America was founded on a simple but revolutionary idea: that power should reside with the people, expressed through their elected representatives and limited by a Constitution that restricts government authority. However, in today’s corrupt and borderline evil Washington, a fourth branch of government has emerged as the most powerful and least accountable force in American politics.

The bloated, useless Washington bureaucracy has flexed its muscles and dared anyone to question its authority.

Presidents come and go. Congress pontificates and accomplishes little except more spending. But the administrative state remains, permanent, unelected, and, increasingly, untouchable.

With over two million civilian employees and thousands of agencies, offices, and commissions, the federal bureaucracy has become a government within a government. It writes rules with the force of law, enforces regulations with minimal oversight, spends trillions of dollars with impunity and increasingly operates independently of the very branches it was created to serve.

A President Without Power

Nowhere is this imbalance more evident than in the president’s limited ability to control the bureaucracy he ostensibly leads. Remember, these people purportedly report to him and him alone. He is like the CEO of the country. Yet, while the Constitution vests executive power in the president, that authority has been systematically hollowed out by decades of civil service protections, judicial precedents by activist judges, and internal agency rules that shield federal employees from discipline or dismissal.

Remarkably, most career bureaucrats cannot be fired by the president—not for disobedience, not for insubordination, not even for undermining the policies of an administration duly elected by the American people.

Think about that for a moment.

Firing a federal employee typically requires a lengthy, litigation-prone process governed by the shadowy Merit Systems Protection Board. According to federal data, less than 1% of career civil servants are removed annually, and most for misconduct. Firings due to policy resistance are unheard of.

This isn’t just hypothetical. Former President Donald Trump’s first term, and now his second, offer a textbook example of what happens when an elected executive confronts an entrenched bureaucracy that hates him.

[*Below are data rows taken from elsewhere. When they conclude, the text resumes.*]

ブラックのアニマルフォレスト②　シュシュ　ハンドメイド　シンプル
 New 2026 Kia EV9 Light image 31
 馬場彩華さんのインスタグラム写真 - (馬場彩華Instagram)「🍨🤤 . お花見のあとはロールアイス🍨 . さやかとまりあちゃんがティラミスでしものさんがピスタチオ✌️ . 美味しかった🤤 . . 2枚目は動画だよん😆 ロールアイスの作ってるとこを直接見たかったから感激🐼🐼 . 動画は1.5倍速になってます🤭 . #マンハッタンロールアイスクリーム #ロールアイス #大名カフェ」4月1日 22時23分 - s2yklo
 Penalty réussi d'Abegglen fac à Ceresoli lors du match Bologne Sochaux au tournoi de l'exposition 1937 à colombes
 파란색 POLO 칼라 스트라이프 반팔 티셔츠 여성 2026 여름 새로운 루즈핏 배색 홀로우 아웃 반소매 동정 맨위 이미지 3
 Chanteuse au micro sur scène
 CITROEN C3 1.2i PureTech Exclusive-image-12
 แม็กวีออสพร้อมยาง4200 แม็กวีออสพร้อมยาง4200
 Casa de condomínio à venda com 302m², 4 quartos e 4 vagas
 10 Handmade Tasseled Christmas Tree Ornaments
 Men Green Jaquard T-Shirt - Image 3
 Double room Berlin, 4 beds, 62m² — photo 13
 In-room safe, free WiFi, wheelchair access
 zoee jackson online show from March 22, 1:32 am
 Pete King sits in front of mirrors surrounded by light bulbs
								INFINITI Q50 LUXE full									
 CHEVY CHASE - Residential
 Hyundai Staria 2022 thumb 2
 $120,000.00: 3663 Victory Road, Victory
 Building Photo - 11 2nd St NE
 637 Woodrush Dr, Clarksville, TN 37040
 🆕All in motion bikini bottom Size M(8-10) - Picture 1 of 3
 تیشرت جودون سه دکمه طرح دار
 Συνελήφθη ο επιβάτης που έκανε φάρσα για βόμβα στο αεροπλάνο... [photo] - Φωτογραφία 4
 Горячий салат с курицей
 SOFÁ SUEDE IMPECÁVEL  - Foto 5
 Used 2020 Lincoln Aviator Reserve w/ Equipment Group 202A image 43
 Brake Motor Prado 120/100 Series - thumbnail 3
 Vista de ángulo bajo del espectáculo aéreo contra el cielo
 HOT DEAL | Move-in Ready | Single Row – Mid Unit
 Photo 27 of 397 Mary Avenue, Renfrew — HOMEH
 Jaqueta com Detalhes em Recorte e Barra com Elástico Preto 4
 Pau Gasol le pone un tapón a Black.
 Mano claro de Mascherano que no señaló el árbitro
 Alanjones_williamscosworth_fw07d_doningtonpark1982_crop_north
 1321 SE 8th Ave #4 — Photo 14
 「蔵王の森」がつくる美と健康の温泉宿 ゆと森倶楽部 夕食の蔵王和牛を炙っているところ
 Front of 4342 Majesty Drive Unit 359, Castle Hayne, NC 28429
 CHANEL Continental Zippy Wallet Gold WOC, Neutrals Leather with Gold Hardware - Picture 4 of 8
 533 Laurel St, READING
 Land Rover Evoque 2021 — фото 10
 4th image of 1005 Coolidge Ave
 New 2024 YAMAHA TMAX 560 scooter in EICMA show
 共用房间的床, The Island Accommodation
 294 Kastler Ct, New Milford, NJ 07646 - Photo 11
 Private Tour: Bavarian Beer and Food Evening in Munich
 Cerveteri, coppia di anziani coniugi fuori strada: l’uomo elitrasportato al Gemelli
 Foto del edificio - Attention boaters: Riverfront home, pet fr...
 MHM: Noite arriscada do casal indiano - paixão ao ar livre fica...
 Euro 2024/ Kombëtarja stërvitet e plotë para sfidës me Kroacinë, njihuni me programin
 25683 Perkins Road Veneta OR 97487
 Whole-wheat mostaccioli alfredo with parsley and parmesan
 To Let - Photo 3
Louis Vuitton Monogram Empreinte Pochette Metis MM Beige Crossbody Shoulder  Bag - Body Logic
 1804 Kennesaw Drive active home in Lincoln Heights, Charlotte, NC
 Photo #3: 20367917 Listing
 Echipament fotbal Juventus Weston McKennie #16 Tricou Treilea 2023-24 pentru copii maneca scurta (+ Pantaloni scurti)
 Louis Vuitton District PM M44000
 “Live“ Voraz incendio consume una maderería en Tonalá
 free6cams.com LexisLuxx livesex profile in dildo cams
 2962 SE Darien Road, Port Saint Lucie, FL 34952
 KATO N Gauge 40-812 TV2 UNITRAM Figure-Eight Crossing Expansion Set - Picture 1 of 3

Trump and the Administrative State

During his first term, President Trump frequently clashed with senior officials at the Department of Justice, the FBI, and the intelligence community. Appointees were outnumbered and outmaneuvered by career staff who openly disagreed with the administration’s agenda. Leaks, internal memos, and bureaucratic slow-rolling became common tools to delay or derail presidential directives.

The worst part was that most of these people took the slimy secret route, backslapping the president, nodding their heads and smiling in front of him, and then using whatever information they could glean to stab him in the back.

At the Department of Homeland Security, efforts to tighten immigration enforcement were met with open resistance. In one instance, an ICE official privately spread the word that he would not prioritize deportation orders stemming from the White House’s more aggressive stance on unlawful entry, thus, effectively nullifying policy with inaction.

This bureaucratic opposition hasn’t ended. In 2025, the second Trump administration is again facing resistance from within. Executive orders and federal mandates have been quietly resisted by agency officials. Compliance is slow, enforcement is uneven, and internal agency documents, when they surface, show a deep reluctance to implement policies that diverge from bureaucratic norms.

Budgetary Impotence

Even more troubling is the president’s inability to control agency budgets. Though the executive branch submits a budget each year, which has become an exercise in futility in an era of omnibus bills, continuing resolutions and debt ceilings. But it’s not just legislators who defend agency funding. Bureaucrats themselves often work hand-in-glove with congressional staff to lobby for budget protections or expansions.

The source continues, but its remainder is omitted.